May 11, 2026
As revenue rise among pharma companies, competition for market share heats up
Cash flows in the sector have improved, and companies are increasingly spending more on marketing and distribution to capture greater market share
May 11, 2026

Pakistan’s listed pharmaceutical companies entered 2026 with higher profits, wider margins and a visible shift in how they are using the cash released by drug price deregulation: not only to repair balance sheets, but also to fight harder for market share.
The first quarter numbers compiled by Topline Securities show that the listed pharmaceutical sector posted profit after tax of Rs10.19 billion in January-March 2026, up 17% from Rs8.68 billion in the same quarter last year. Net sales increased 7% year-on-year to Rs90.65 billion, while gross profit rose at a much faster pace of 18% to Rs38.84 billion. Gross margins reached 43%, compared with 39% in the first quarter of 2025 and 44% in the final quarter of 2025.

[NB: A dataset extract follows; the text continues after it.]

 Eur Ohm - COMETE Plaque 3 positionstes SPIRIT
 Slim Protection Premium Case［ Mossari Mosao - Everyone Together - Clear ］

That gap between sales growth and gross profit growth tells one part of the story. The more revealing number is further down the income statement. Selling and distribution expenses rose 20% year-on-year to Rs17.10 billion, nearly three times the pace of revenue growth. As a share of sales, selling and distribution costs increased to almost 19% from about 17% a year earlier, indicating that pharmaceutical companies are spending more aggressively on field force expansion, brand promotion, trade channels, doctor engagement, distributor reach and product-level marketing.